PROMPT:
For this exercise, retype the lines from the one that holds "Un coin repas" through the one that holds "Middle Eastern businessman" in the records below, both included, exactly and without pictures.

DATA:
━━━━━━
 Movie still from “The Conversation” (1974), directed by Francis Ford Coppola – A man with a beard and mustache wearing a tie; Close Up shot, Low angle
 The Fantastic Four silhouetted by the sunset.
━━━━━━
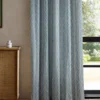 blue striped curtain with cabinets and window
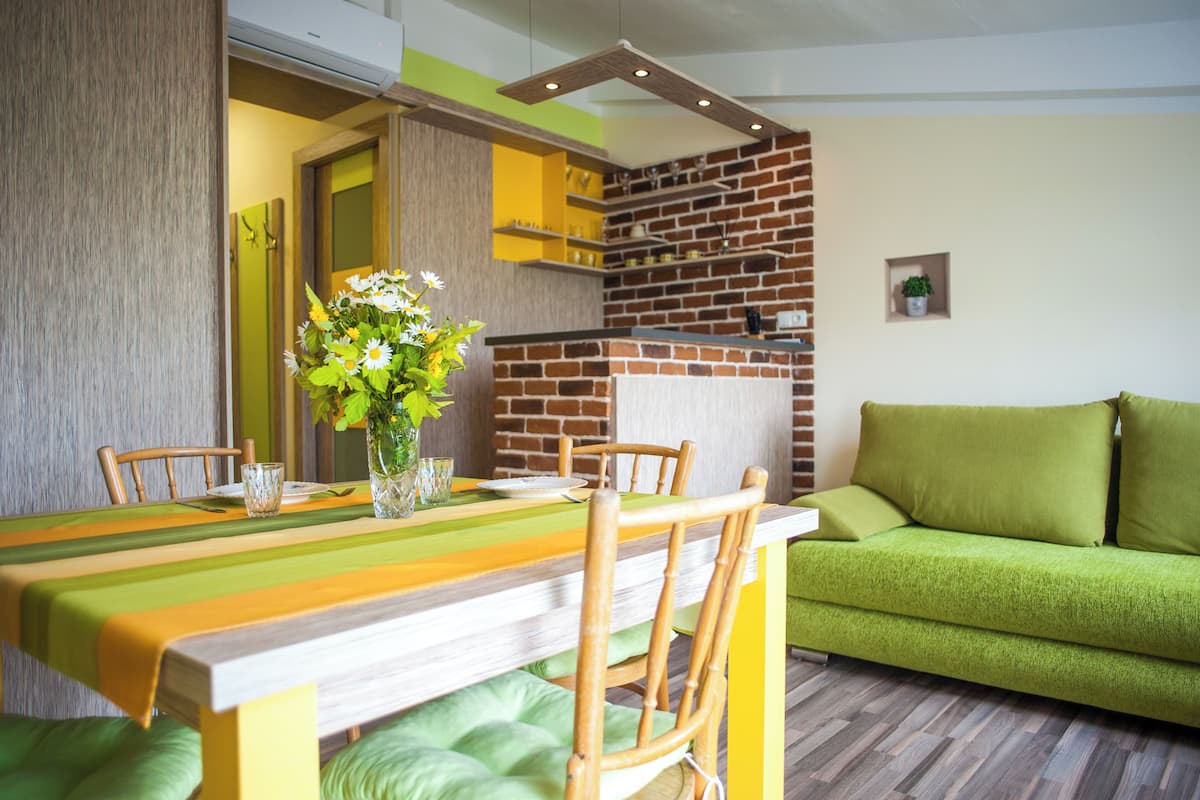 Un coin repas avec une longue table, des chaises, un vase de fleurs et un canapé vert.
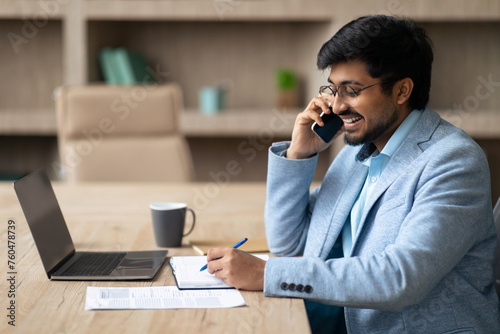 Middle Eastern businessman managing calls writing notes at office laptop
━━━━━━
RESULT FOR THIS TASK:
 Un coin repas avec une longue table, des chaises, un vase de fleurs et un canapé vert.
 Middle Eastern businessman managing calls writing notes at office laptop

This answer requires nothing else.